Today, you have to use them all (BFS, DFS, DLS, IDS, ILS, and UCS) to solve the same 8-puzzle problem.
Points to note:
1. For different, DLS and IDS, consider 3 different depths and run with the same configuration.
2. For, ILS and UCS, consider the misplaced tiles from the goal state as the cost of the operator.
3. Provide necessary inputs to the program. Do not statically mention any of the required parameters to run the setup inside the program.
4. Collect the memory and time requirement for each run of the above algorithms along with different parameters for the same algorithms (e.g., depth).
5. Input, output states and any other parameter required to run the algorithms must be written in a file (a separate file for each of the algorithms to be prepared as separate inputs may be required for running each algorithm). Write the proper documentation of the input file.
6. Intermediate output shall be properly displayed and will be written in a separate output/log file.
7. Compare the time and memory requirements of the algorithms/same algorithms with separate input parameters in a table.
8. Draw any 3 plots to compare the time and memory requirement (3 for each) of the algorithm.
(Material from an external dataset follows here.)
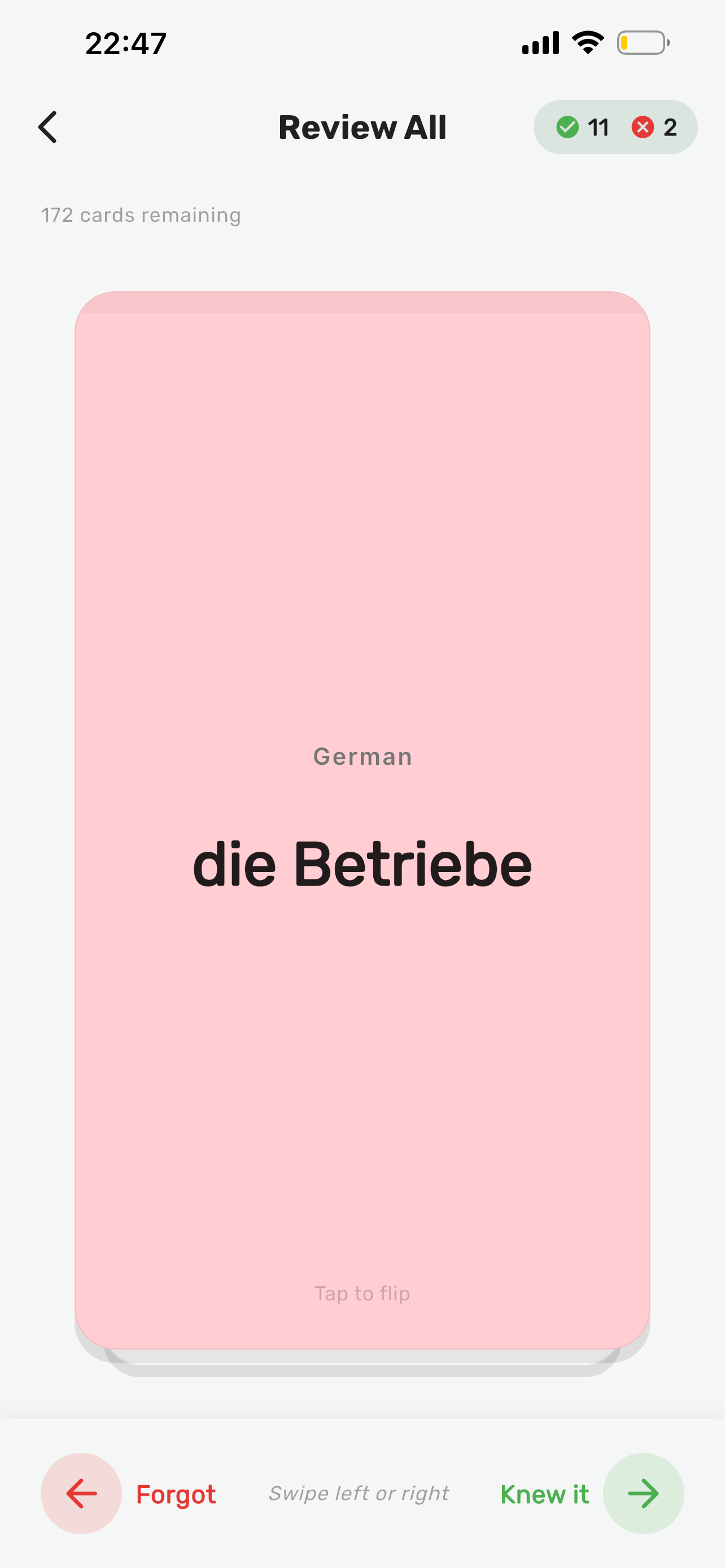 Mein Wortschatz auf Deutsch screenshot 7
Total of 6 plots. (3 different plots for memory requirement and 3 different plots for time requirement)



# Input File: [G-Drive Link of input.txt](https://drive.google.com/file/d/1znurWSCx50VTZxcOtOdtKWakTI_tqrPU/view)

# Maximum Depth File: [G-Drive Link of maximum_depth.txt](https://drive.google.com/file/d/1iwrFeldPaDfOmryPUOXKXs9oYZB4cwTG/view)
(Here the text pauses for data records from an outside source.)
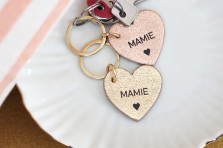 Porte-clés Mamie Coeur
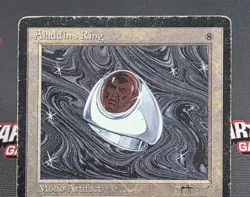 MTG Aladdin's Ring- DAMAGED -Arabian Nights Magic the Gathering Card # 57 - Image 3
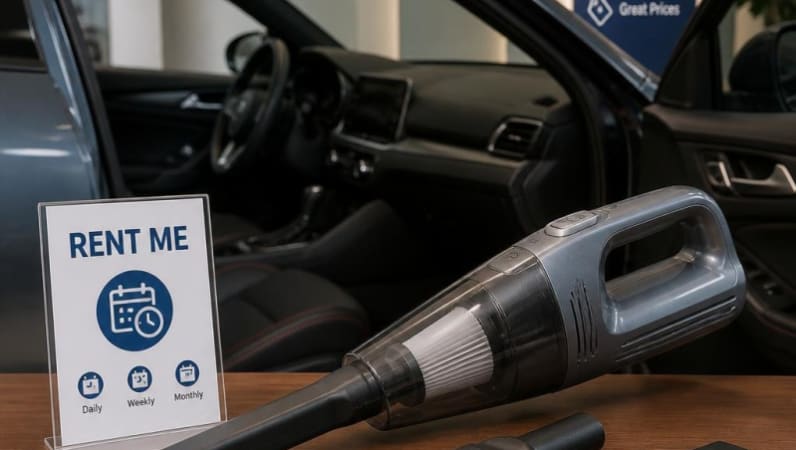 Should You Rent a Cordless Handheld Vacuum for Car Cleaning? for rent in Kanata – RentAnythingStore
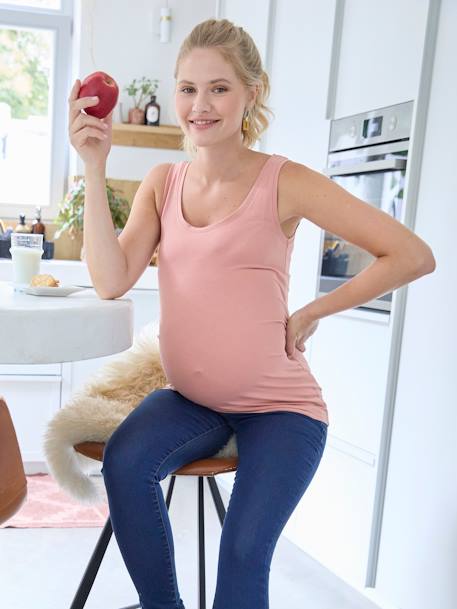 Sleeveless Top for Maternity blush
# Output Files: [G-Drive link of Output Folder](https://drive.google.com/drive/folders/1gkNP9rzO0gNzYu5zoXrPYvIzcWSzNNm_?usp=drive_link)
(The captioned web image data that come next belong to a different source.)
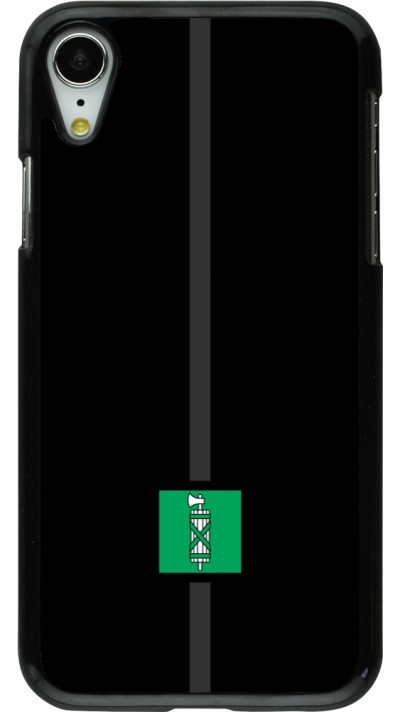 iPhone XR Case Hülle - Kanton SG schwarz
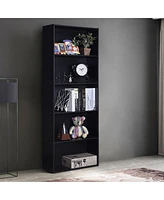 Slickblue Modern 5-Tier Bookcase Storage Shelf for Organized Display and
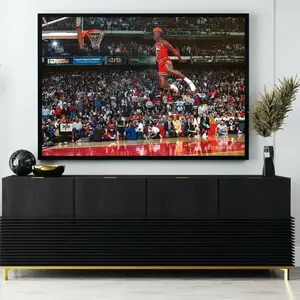 MJ Dunk From The Free Throw line Poster  Sports Decor for Man Cave Gift, Office Decor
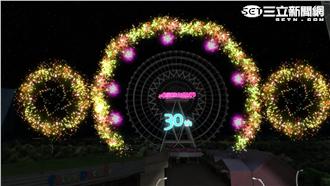 影／太驚人！劍湖山跨年煙火影片曝光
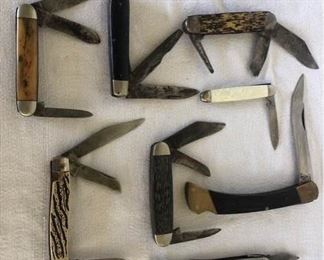 8 Vintage Folding Pocket Knives https://ctbids.com/#!/description/share/179863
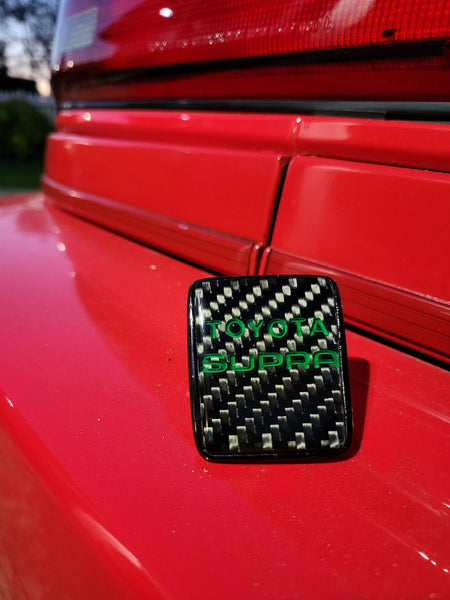 Supra Carbon Fiber badge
Importing all required dependencies


In [2]:
import queue
import copy
import tracemalloc
import math
import time
import os
import matplotlib.pyplot as plt
from tabulate import tabulate

ModuleNotFoundError: No module named 'tabulate'

In [2]:
class Node:
    def __init__(self, state_tuple, parent=None):
        self.state = state_tuple
        self.parent = parent

    def __lt__(self, other):
        return True

    def __repr__(self):
        s = ""
        n = math.isqrt(len(self.state))
        for i in range(len(self.state)):
            if n >= 4:
                s += str(self.state[i]).ljust(2) + " "
            else:
                s += (str(self.state[i])) + " "

            if (i + 1) % n == 0:
                s += "\n"
        return s + "\n"

The Node class has two attributes: state and parent. The state attribute represents the state of the node, and the parent attribute points to the parent of the current node. This is typically used in tree or graph-based algorithms where each node has a parent that it’s connected to.

The __init__ method is the constructor of the Node class. It initializes a new instance of the class. When a new Node object is created, you can specify its state and its parent. If no parent is specified, it defaults to None.

The __lt__ method is a special method in Python that corresponds to the “less than” operator (<). In this case, it’s defined to always return True, which means any instance of this class will be considered ‘less than’ any other object.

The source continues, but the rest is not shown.